> [DESCRIPTION OF THE TASK]: Where a line in the listing below contains the word "Collection", copy that line.
##### MATERIAL SUPPLIED
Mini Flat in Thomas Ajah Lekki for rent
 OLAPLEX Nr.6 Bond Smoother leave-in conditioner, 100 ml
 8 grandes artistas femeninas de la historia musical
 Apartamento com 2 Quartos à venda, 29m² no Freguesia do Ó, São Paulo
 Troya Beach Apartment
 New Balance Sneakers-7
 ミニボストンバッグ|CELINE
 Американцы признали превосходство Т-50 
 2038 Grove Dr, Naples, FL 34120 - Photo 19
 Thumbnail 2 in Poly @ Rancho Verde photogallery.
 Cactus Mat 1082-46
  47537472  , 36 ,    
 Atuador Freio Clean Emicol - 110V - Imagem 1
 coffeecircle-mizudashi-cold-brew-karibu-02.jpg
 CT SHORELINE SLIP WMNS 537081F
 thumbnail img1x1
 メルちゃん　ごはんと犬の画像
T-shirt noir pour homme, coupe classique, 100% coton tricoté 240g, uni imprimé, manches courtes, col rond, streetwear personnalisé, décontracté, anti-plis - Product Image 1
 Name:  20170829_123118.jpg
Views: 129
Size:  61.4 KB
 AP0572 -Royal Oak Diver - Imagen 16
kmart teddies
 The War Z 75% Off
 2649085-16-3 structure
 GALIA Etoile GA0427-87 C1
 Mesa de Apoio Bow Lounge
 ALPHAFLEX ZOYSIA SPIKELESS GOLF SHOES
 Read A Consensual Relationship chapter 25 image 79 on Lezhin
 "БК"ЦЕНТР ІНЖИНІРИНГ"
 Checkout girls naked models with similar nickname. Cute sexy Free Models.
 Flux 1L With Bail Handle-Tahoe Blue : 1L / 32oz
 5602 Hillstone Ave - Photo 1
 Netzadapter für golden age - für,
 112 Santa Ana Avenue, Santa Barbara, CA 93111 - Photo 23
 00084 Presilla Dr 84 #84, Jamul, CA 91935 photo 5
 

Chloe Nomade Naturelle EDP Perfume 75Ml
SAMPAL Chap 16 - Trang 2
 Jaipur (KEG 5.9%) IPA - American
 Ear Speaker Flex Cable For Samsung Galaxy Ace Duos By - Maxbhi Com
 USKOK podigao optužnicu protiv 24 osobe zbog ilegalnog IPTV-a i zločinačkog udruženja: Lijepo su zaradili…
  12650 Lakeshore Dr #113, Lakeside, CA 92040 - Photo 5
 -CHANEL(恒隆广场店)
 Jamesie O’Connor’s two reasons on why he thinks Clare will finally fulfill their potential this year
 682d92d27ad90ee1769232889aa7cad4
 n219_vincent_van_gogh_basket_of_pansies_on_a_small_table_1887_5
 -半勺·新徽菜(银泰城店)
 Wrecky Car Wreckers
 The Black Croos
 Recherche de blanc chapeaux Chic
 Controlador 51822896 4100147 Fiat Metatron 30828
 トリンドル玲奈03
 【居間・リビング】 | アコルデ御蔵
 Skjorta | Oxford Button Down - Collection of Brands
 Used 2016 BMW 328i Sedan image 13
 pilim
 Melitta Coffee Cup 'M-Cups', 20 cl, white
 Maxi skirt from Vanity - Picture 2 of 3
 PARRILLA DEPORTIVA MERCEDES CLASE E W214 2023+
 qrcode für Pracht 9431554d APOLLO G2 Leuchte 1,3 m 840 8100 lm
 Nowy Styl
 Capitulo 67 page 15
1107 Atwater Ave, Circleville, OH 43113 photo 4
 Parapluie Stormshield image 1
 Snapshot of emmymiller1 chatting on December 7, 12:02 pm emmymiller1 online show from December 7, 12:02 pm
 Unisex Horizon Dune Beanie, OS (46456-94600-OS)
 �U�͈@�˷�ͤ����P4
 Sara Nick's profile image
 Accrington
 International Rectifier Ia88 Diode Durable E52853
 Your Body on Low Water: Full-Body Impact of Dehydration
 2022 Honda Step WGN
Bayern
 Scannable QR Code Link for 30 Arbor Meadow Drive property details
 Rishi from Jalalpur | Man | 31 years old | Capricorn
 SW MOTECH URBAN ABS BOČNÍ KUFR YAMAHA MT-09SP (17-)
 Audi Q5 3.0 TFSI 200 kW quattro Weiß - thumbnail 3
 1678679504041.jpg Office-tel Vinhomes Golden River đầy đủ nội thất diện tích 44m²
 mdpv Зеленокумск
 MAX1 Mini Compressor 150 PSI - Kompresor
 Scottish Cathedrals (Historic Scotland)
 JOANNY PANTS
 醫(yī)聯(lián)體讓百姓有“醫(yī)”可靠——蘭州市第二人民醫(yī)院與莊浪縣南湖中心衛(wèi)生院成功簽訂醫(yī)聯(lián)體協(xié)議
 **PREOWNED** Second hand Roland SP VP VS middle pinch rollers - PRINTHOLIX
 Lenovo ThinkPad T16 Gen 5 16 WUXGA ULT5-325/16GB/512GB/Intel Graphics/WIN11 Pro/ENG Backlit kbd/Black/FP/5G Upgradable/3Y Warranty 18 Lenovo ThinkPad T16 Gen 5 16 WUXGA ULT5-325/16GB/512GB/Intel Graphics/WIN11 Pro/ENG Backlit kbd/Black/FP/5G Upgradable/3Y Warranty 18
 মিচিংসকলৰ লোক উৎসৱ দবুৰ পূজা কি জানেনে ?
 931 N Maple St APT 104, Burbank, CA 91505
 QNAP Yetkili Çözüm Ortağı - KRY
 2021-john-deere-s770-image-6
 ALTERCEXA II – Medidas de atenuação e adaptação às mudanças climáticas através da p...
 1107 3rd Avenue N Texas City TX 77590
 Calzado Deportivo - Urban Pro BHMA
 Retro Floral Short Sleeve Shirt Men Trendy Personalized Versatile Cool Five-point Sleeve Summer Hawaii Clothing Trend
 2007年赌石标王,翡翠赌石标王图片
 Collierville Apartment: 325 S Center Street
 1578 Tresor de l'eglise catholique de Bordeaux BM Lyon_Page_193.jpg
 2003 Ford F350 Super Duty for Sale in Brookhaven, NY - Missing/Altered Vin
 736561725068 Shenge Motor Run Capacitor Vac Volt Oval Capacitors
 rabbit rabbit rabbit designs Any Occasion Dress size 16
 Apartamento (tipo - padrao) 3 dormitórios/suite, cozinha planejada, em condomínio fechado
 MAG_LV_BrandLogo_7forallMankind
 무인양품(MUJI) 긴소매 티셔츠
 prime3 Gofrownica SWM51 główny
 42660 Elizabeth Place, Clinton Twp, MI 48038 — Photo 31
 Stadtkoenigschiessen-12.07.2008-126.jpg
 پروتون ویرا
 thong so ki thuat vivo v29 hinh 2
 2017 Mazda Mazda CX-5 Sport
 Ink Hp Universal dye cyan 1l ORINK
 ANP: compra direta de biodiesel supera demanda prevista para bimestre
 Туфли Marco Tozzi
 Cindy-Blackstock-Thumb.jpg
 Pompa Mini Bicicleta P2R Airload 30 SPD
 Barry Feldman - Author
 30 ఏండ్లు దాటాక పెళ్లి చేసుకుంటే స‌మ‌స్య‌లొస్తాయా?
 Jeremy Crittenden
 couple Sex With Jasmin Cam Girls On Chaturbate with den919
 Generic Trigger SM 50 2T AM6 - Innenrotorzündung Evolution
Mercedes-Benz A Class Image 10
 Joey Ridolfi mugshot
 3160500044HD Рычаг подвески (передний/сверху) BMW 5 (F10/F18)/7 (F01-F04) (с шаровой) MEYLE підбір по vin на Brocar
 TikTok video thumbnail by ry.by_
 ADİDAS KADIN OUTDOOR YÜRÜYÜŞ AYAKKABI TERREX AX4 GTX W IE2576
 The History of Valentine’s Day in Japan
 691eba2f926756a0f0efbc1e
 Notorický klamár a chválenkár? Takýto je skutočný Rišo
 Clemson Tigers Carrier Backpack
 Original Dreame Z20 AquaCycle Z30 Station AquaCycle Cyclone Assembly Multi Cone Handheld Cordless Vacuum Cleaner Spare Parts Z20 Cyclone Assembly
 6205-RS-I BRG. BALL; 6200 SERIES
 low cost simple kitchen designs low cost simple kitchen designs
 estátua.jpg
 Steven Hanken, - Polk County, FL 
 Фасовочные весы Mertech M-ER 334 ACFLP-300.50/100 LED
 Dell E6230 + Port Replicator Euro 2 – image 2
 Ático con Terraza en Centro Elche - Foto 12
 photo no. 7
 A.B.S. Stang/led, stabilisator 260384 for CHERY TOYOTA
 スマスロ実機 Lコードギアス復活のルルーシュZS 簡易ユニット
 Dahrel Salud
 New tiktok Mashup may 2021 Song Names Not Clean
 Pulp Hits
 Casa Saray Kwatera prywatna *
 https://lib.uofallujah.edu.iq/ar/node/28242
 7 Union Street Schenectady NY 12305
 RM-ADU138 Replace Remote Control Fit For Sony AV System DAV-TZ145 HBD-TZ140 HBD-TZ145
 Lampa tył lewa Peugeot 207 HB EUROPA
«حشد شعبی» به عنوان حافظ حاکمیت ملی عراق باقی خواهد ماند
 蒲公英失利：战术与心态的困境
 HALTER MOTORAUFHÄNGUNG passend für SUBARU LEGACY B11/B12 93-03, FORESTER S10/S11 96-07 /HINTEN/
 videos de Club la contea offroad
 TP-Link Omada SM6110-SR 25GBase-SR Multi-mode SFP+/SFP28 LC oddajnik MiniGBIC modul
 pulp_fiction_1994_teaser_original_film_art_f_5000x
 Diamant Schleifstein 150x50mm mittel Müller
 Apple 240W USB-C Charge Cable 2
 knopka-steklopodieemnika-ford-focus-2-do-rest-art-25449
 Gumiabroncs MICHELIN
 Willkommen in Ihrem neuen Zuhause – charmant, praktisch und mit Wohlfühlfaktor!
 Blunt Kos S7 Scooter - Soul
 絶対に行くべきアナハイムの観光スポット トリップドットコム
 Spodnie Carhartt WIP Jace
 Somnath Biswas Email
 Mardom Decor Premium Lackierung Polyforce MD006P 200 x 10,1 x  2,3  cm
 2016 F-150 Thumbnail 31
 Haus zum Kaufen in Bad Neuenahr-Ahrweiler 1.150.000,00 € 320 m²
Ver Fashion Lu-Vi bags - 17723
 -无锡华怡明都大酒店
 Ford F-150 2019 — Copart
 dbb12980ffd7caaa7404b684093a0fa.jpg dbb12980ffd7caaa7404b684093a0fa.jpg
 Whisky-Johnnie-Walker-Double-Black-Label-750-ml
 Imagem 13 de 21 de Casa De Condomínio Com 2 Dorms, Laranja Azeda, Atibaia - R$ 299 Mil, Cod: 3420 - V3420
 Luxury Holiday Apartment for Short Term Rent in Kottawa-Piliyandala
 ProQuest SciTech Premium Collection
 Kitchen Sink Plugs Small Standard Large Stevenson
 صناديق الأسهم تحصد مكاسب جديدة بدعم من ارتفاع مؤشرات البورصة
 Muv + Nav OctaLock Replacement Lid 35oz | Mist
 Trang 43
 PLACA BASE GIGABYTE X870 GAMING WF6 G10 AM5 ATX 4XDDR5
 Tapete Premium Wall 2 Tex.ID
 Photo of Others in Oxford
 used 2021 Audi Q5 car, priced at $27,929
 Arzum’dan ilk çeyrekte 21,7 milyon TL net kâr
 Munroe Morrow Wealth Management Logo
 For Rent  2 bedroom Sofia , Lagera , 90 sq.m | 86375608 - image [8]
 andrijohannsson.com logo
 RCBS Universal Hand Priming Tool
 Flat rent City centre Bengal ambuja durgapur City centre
##########
> [REPLY TO THE TASK]:
 Skjorta | Oxford Button Down - Collection of Brands
 ProQuest SciTech Premium Collection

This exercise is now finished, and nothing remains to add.